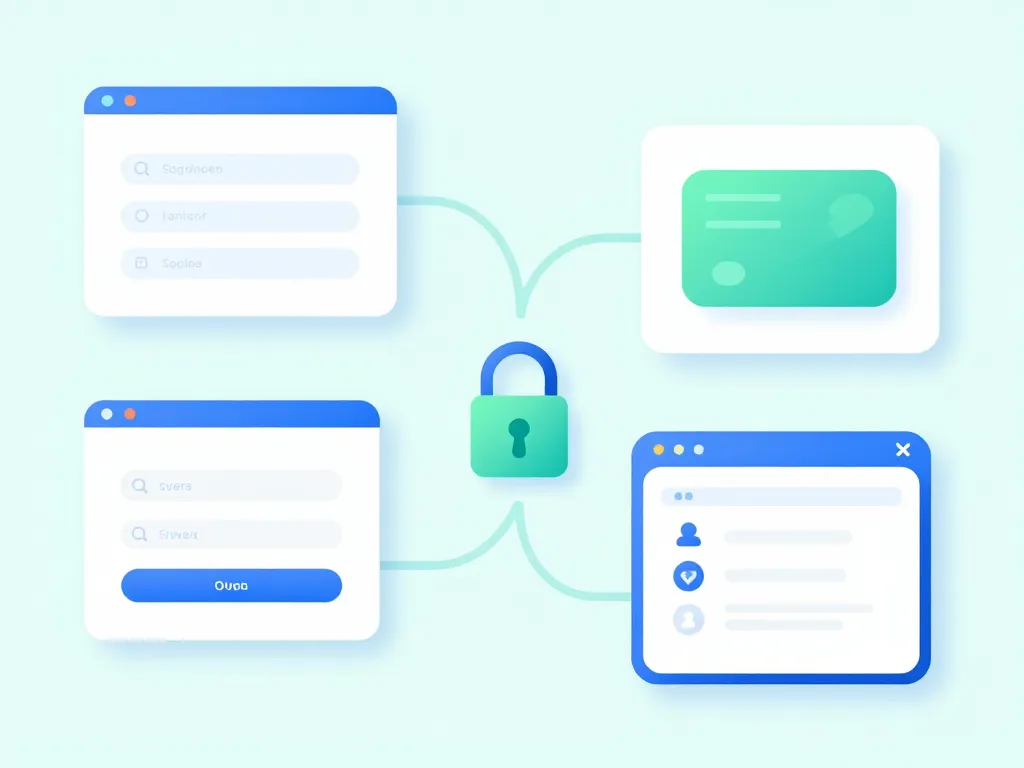 Schéma connexion sécurisée https epargnant per agricaprevoyance com
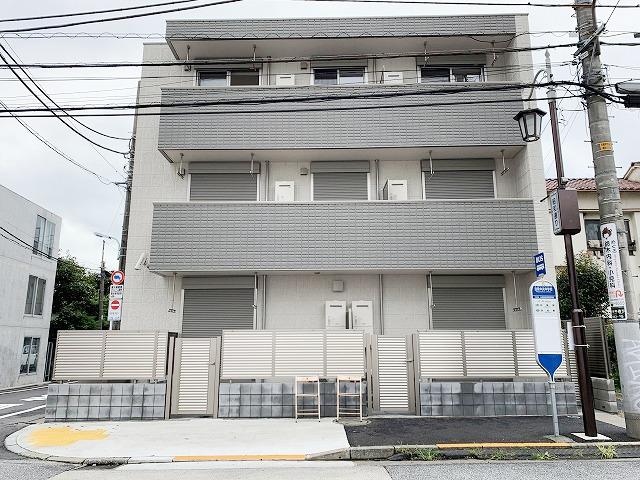 メゾングレース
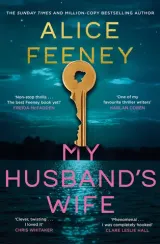 My Husband’s Wife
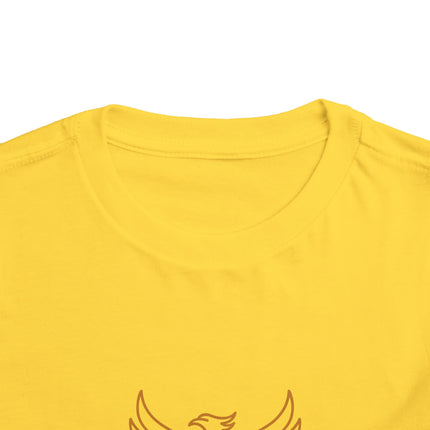 Rare Breed -Toddler Short Sleeve Tee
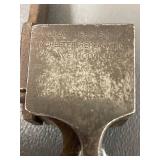 Antique Winchester Bullet Mold .32 WCF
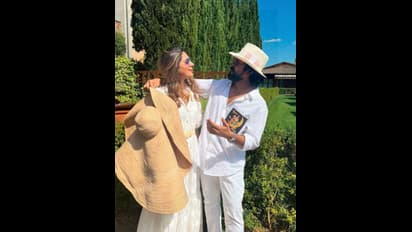 ಕೋಟಿ ಆಸ್ತಿ ಒಡತಿ; ಮೆಗಾ ಸ್ಟಾರ್ ಚಿರಂಜೀವಿ ಸೊಸೆ ಉಪಾಸನಾ ಇವ್ರೇ ನೋಡಿ....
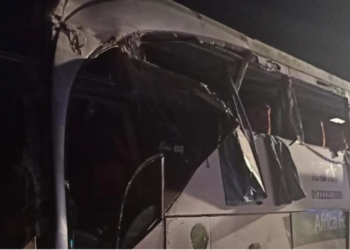 Tragjike! Kamioni përplas autobusin turistik në Egjipt, 10 të vdekur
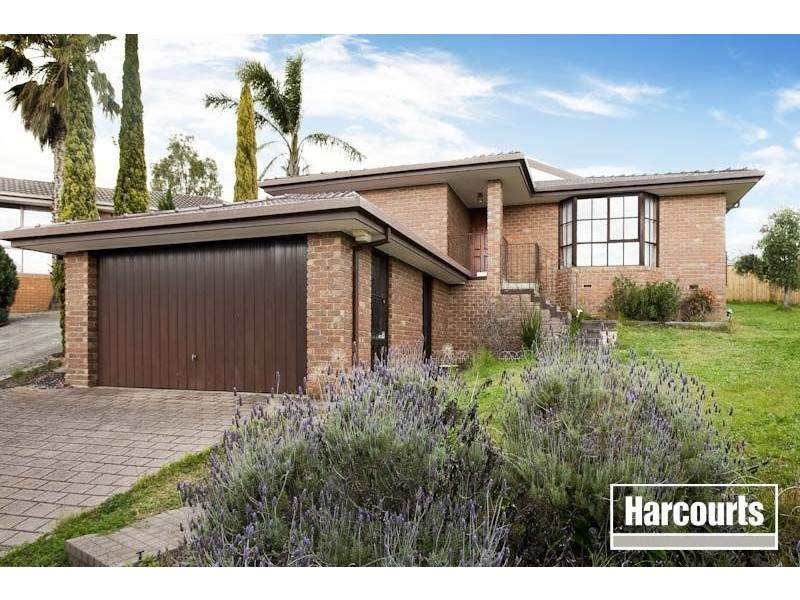 3 Caroline Place, Hampton Park VIC 3976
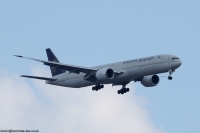 Saudi Arabian 777 HZ-AK41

● **Task to carry out**
Exclude the images and output the lines above exactly.

● **Output of the task**
 Schéma connexion sécurisée https epargnant per agricaprevoyance com
 メゾングレース
 My Husband’s Wife
 Rare Breed -Toddler Short Sleeve Tee
 Antique Winchester Bullet Mold .32 WCF
 ಕೋಟಿ ಆಸ್ತಿ ಒಡತಿ; ಮೆಗಾ ಸ್ಟಾರ್ ಚಿರಂಜೀವಿ ಸೊಸೆ ಉಪಾಸನಾ ಇವ್ರೇ ನೋಡಿ....
 Tragjike! Kamioni përplas autobusin turistik në Egjipt, 10 të vdekur
 3 Caroline Place, Hampton Park VIC 3976
 Saudi Arabian 777 HZ-AK41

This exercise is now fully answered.